FTP- and S3-Harvester

Currently, CKAN-Switzerland support two types of remote storages for harvesting data:

  • FTP/SFTP storage
  • AWS S3 Buckets

Configurations

There are two types of configuration: the harvester configuration that comes from the Database, and the storage configuration, this comes from the .ini configuration file of CKAN.

The storage configuration

Located in the common ini file of CKAN, and is used to configure accesses to the different storage.

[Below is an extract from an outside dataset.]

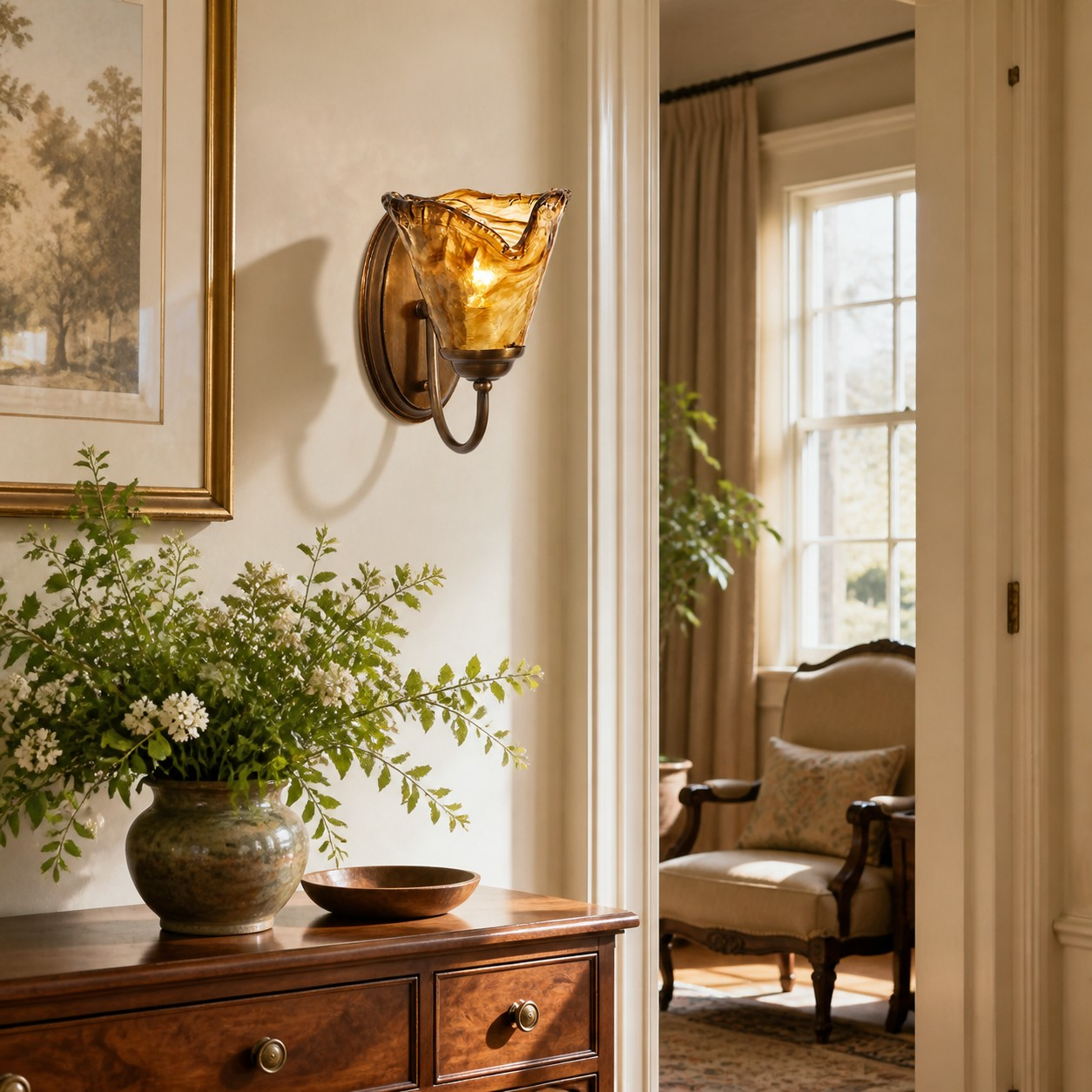 Amberkleurige wandlamp van geribbeld glas naast een schilderij, boven een ladekast met bloemen, met zicht op een zitkamer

A FTP configuration requires the following properties :

  • username : the user name used to connect to the FTP
  • password : the password, in clear, associated to the user
  • keyfile : the path of the key file that would be used instead of username/password to connect
  • host : the DNS name, or IP Address, of the FTP server
  • port : the port on which to connect to the FTP server
  • localpath : the path on the server where to store temporary files during the harvest process
  • remotedirectory : the remote directory to consider as root

An example of FTP storage configuration:

ckan.ftp.mainserver.username = TESTUSER
ckan.ftp.mainserver.password = TESTPASS
ckan.ftp.mainserver.keyfile =
ckan.ftp.mainserver.host = ftp-secure.liip.ch
ckan.ftp.mainserver.port = 990
ckan.ftp.mainserver.localpath = /tmp/ftpharvest/tests/
ckan.ftp.mainserver.remotedirectory = /

Where the part of the key located after the ftp is considered as the storage identifier. For example, all the properties for the FTP server identified as mainserver will all start with ckan.ftp.mainserver

A S3 configuration requires the following properties :

  • bucket_name : the name of the bucket on AWS
  • access_key : the access key provided by AWS to log in to their API (see AWS console)
  • secret_key : the secret key associated to the access_key (see AWS console)
  • region_name : the AWS region where the bucket is located
  • localpath : the path on the server where to store temporary files during the harvest process
  • remotedirectory : the remote directory to consider as root

An example of S3 Bucket storage configuration:

ckan.s3.main_bucket.bucket_name = test-bucket
ckan.s3.main_bucket.access_key = test-access-key
ckan.s3.main_bucket.secret_key = test-secret-key
ckan.s3.main_bucket.region_name = eu-central-1
ckan.s3.main_bucket.localpath = /tmp/s3harvest/
ckan.s3.main_bucket.remotedirectory = /a/

Following the same schema, the identifier of this S3 bucket will be main_bucket.

The harvester configuration

This configuration is a JSON object, that can be modified in the UI, in the harvester administration.

In this configuration, it is mandatory to specify some information in order for the harvester to connect to the correct remote storage.

In order to use a FTP Harvester, the configuration should look like:

{   
    "storage_adapter": "FTP",
    "ftp_server": "mainserver",
    // [...]
}

storage_adapter allows to specify which harvester type should be used a FTP or a S3 Bucket. For legacy support reasons, if this property is not defined, the harvester will consider that it uses FTP. The property is case insensitive.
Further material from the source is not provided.